CT DEEP, the Connecticut Urban Forest Council, the Department of Natural Resources and the Environment in the College of Agriculture, Health and Natural Resources, and the Center for Environmental Sciences and Engineering at UConn have launched an initiative to promote equity and resilience in Connecticut’s urban forests and support non-profit organizations and municipalities in Connecticut’s urban areas.
Urban areas and those who live in them are particularly vulnerable to the impacts of climate change, including extreme heat. According to a recent study by researchers at the Nature Conservancy, 92% of low-income blocks in the U.S. have less tree cover and hotter average temperatures than high-income blocks. Five of the 10 worst discrepancies in the US were found in Connecticut. Low income and communities of color with low urban tree cover are among the most vulnerable populations to climate change and its impacts.
George F. Cloutier Professor in Forestry Robert Fahey will lead the research effort investigating urban forest equity and resilience. Fahey and his team will examine the socioecological systems at work in and around urban forests. The project will support a postdoctoral fellow who will conduct cutting-edge research on this topic.
This research will also help inform management and outreach interventions by determining if resources would be best used to increase messaging and promotion of urban forest areas, or if these forests need to be managed to be more accessible and desirable for the community.
This program’s focus on environmental justice also aims to foster diversity in urban forestry, and the effort is part of CAHNR’s larger commitment to diversity and environmental justice.
“There needs to be an effort at multiple levels to start fostering diversity in the people working on these questions,” Fahey says.

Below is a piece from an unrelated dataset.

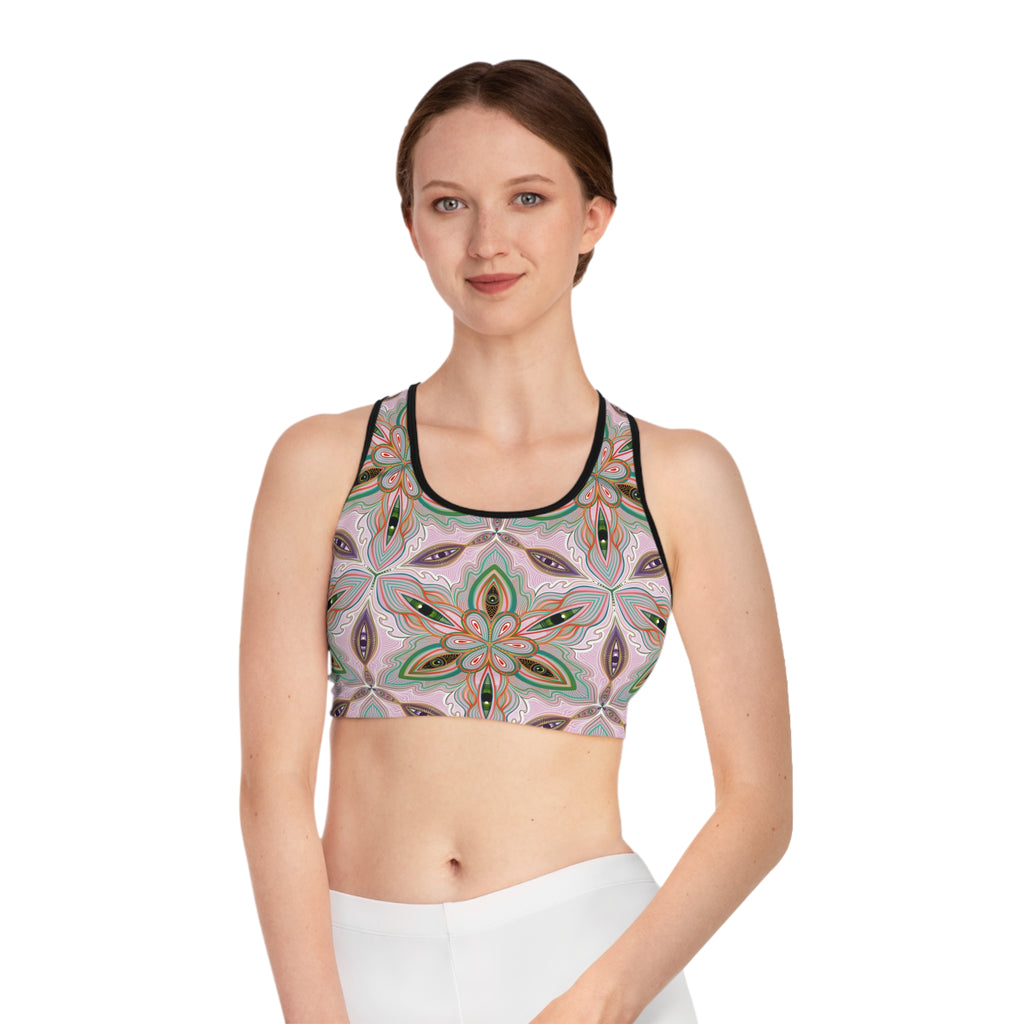 Floral Mandala Sports Bra — Pink Green All-Over Print Activewear #h00532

Fahey intends to establish a longer-term monitoring network for conditions of and access to urban forests.
“Having a long-term monitoring program is especially important for urban forests because they can take time to change, but can also change quickly following disturbances,” Fahey says. “Having the baseline network can be extremely important.”

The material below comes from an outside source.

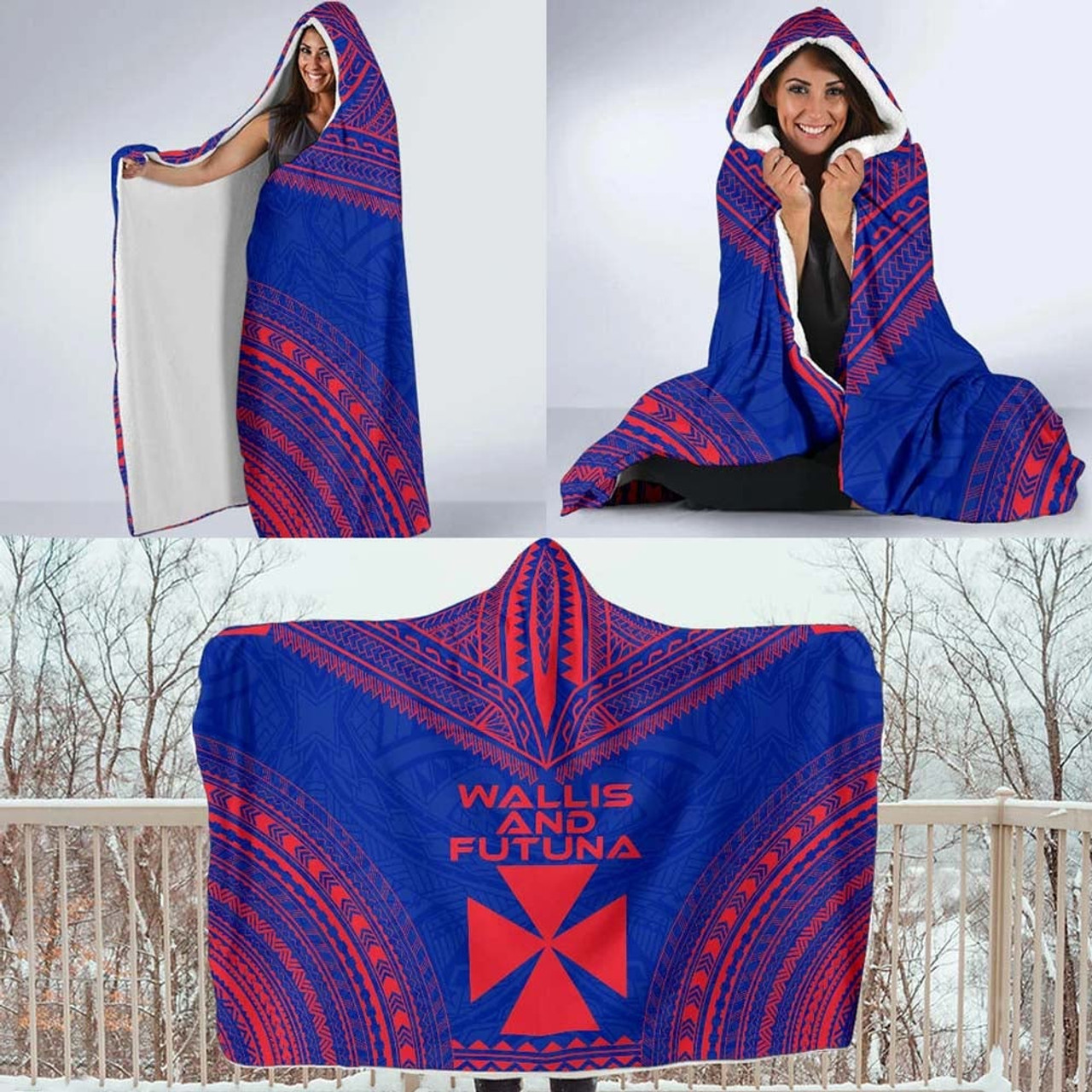 Wallis And Futuna Flag Polynesian Chief Hooded Blanket 4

In addition to research, UConn graduate research assistants will also provide technical assistance to grant awardees as part of the training and outreach mission of the program. Based on the nature of the projects, the students conducting this work may help with technologies such as geographic information systems (GIS) mapping and other spatial data, data collection, and monitoring program outcomes.

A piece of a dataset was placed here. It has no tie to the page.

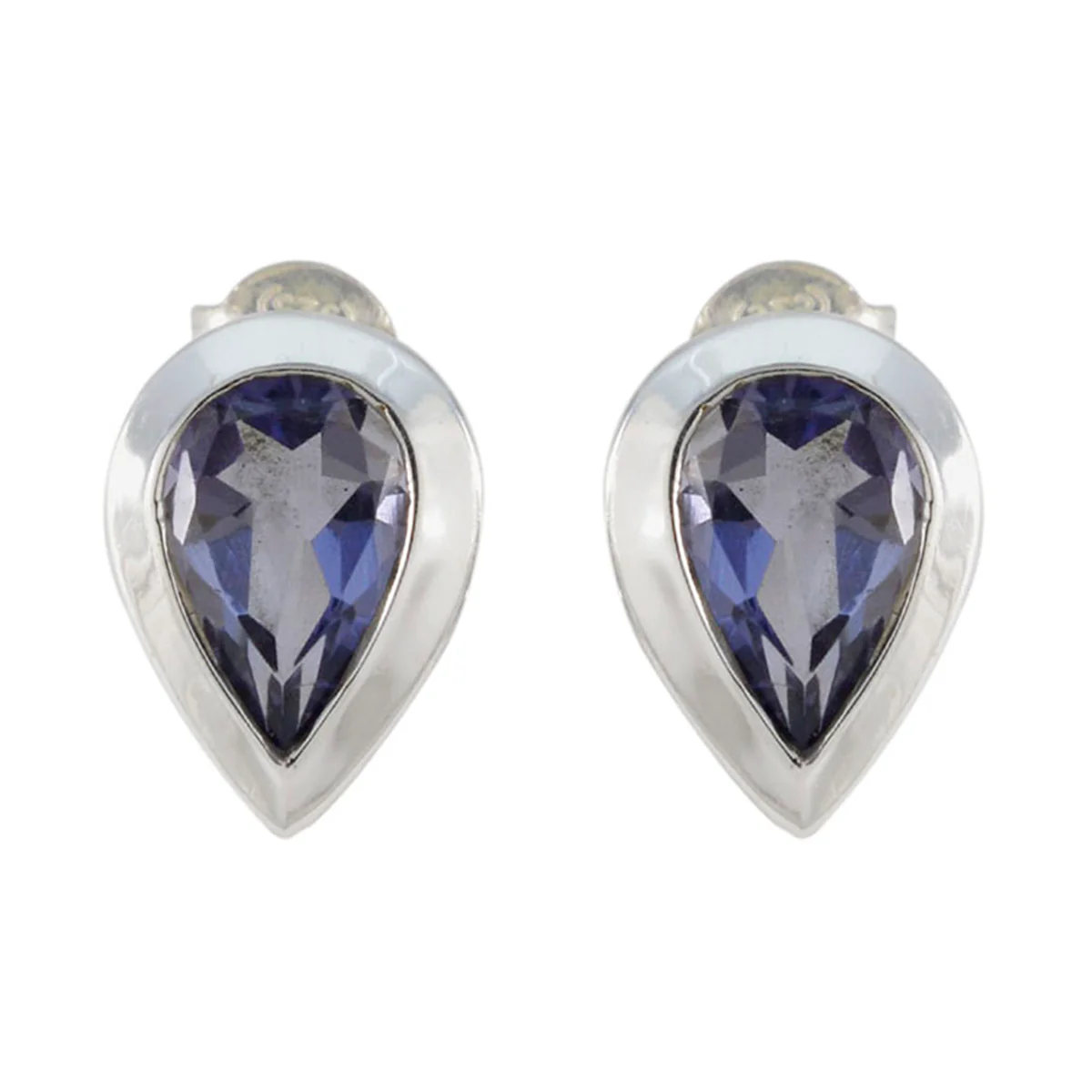 Iolite African Luisa Solitaire Stud Blue 925 Sterling Silver Earring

Associate extension professor Thomas Worthley will provide training support for this project, as well as assisting with any public education elements of the grants.
Worthley emphasizes that the work completed in the community through these grants should extend well beyond the two-year window for the project.
“It’s a community commitment,” Worthley says. “While people may come and go, neighborhoods will develop a long-term commitment to these projects.”
Urban Forest Equity and Resilience Grants will be funded through Regional Green House Gas Initiative (RGGI) Auction proceeds. These projects will seek to address environmental justice and tree equity concerns throughout Connecticut. The projects will focus on five areas: urban forestry, climate change, environmental justice and equity, and community involvement.
RGGI is a cooperative effort among the states of Connecticut, Delaware, Maine, Maryland, Massachusetts, New Hampshire, New York, Rhode Island, and Vermont (RGGI states) to cap and reduce power sector CO2 emissions. RGGI is the nation’s first mandatory, market-based CO2 emissions reduction program.